7. Remember to Laugh
Lincoln would advise today’s managers to seek out humor and joy in the executive role as a way to combat the difficulties. He sometimes irritated his colleagues, and enlivened others, when he took out a joke book and started reading it during stressful times.
Once, when Lincoln was taking a navy flagship to meet with his generals near the front, he refused the admiral’s quarters and chose, instead, an extremely small room. After one night, the admiral got carpenters to knock down a wall and also increase the size of the bed. Goodwin writes, “When Lincoln awoke the next morning, he announced with delight that ‘a greater miracle than ever happened last night; I shrank six inches in length and about a foot sideways.’”
8. Don’t Cloud the Right Decision with the Personal
Salmon P. Chase was a longtime member of the Lincoln cabinet. He was a champion of many of the ideals Lincoln held dear, and he did a superb job running the U.S. Treasury. He also thought himself better equipped for the presidency and was constantly scheming to advance his personal interests. This caused Lincoln irritation and embarrassment.
When a vacancy arose on the Supreme Court for the position of chief justice of the United States, which Chase coveted, Lincoln appointed him to the position. Goodwin writes that Lincoln later commented that he “would rather have swallowed his buckhorn chair than to have nominated Chase.”
But, he remarked, “to have done otherwise I should have been recreant to my convictions of duty to the Republican party and to the country.” Local government administrators also serve their community better when personal feelings are set aside.

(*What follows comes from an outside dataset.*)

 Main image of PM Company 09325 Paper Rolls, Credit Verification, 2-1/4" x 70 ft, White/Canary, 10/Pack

9. Spend Time with the Troops
In local government, employees on the “front lines” are street maintenance crews, building inspectors, public safety officers, and the like. Lincoln visited the front lines of the Civil War as often as he could. The soldiers most often greeted him with heartfelt cheers.

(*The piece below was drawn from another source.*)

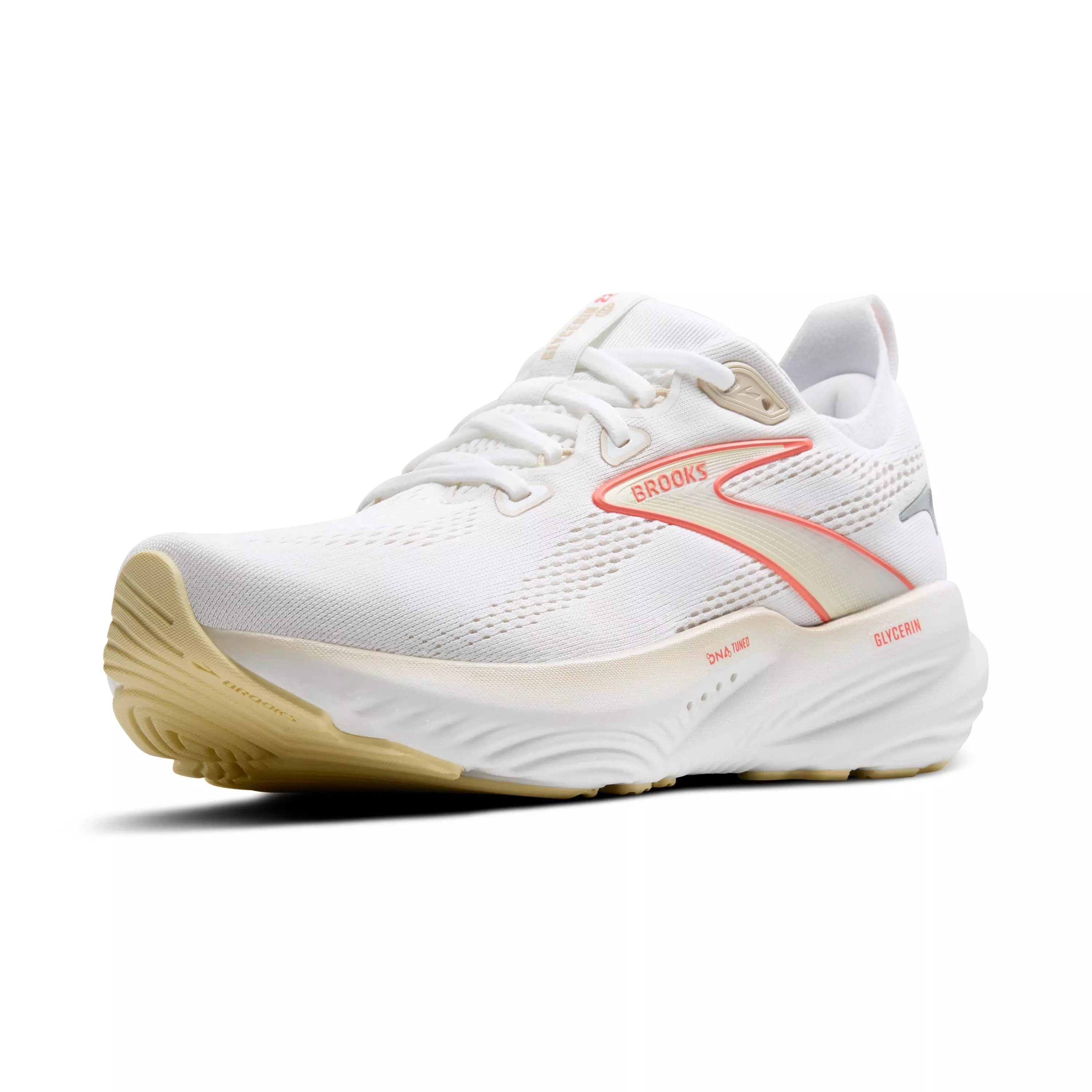 Brooks Glycerin 22 "White/Almond Peach/Hot Coral" Women's Running Shoe - WHITE/PEACH/CORAL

Lincoln justified his presence by saying he “was not afraid to show himself among them, and willing to share their dangers here, as often, far away, he had shared the joys of their triumphs.” The triumphs of local government are many, and it is usually the troops who bring them about.
10. Leave a Legacy
Early in Lincoln’s career, in the winter of 1841, Lincoln experienced a devastating depression after a series of grave personal and political losses. Goodwin writes that his good friend, Joshua Speed, warned him “that if he did not rally, he would most certainly die.” Goodwin writes that Lincoln replied “that he was more than willing to die, but that he had done nothing to make any human being remember that he had lived” and he yearned to distinguish himself in a memorable way.
Although few of us will be able to claim a Gettysburg Address, an Emancipation Proclamation, or a 13th Amendment, we are uniquely positioned to leave a lasting impression in many ways. Our individual legacies might be working with elected officials on a new community center or library, a child care program or affordable housing, safer streets, or an exciting entertainment district. The potential legacies are as varied as the administrators creating them.

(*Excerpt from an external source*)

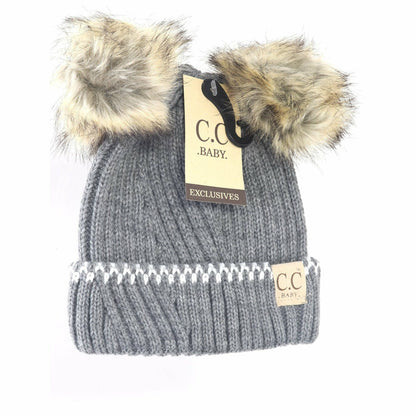 Baby Solid Knit Double Fur Pom Beanie - Newborn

One person can’t do these things alone. Even someone with Lincoln’s talents knew he needed to surround himself with winners. When the top-ranked Union general, Ulysses S. Grant, first met Lincoln in person, the crowds showered all their affections on Grant. Goodwin writes that a young colonel present at the occasion noted that Lincoln was pleased and fully aware that the path to victory was wide enough for both men to “walk it abreast.”
And so it is in local government. The path to success is less strenuous and more rewarding when walking shoulder to shoulder with others.